TASK DETAILS: The first line of the entries through the line bearing "Aurelia leaf cage": copy these lines exactly and return nothing else.

RECORDED INFORMATION:
►

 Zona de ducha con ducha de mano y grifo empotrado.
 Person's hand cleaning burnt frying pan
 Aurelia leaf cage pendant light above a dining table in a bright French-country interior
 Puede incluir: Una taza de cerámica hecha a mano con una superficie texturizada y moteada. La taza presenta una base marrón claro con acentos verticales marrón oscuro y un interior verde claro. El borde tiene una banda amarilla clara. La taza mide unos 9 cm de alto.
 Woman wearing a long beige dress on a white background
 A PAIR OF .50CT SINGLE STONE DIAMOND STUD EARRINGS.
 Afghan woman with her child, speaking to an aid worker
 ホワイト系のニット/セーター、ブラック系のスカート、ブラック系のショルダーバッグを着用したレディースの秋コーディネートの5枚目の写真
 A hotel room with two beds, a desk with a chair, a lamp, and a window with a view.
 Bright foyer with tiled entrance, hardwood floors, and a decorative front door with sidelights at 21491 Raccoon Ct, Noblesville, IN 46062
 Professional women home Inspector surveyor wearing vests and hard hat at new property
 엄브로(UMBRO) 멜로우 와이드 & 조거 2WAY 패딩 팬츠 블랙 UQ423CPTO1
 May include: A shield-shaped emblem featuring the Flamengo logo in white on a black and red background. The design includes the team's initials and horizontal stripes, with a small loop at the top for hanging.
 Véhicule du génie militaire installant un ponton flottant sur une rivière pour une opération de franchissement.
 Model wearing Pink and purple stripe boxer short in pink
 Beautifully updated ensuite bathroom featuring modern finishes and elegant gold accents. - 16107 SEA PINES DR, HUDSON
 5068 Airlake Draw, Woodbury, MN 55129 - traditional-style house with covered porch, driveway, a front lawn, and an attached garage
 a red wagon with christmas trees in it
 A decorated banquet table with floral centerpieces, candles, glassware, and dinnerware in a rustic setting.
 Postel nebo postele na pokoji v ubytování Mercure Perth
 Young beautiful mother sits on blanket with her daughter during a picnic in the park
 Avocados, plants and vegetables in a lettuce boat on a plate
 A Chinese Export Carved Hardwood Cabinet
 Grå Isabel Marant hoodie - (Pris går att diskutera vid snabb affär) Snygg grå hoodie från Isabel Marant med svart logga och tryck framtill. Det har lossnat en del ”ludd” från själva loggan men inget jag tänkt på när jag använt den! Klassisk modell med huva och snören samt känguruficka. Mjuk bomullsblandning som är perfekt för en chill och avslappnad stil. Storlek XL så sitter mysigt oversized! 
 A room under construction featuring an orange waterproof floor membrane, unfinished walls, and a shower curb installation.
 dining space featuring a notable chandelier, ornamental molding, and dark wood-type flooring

◄

YOUR SOLUTION:
 Zona de ducha con ducha de mano y grifo empotrado.
 Person's hand cleaning burnt frying pan
 Aurelia leaf cage pendant light above a dining table in a bright French-country interior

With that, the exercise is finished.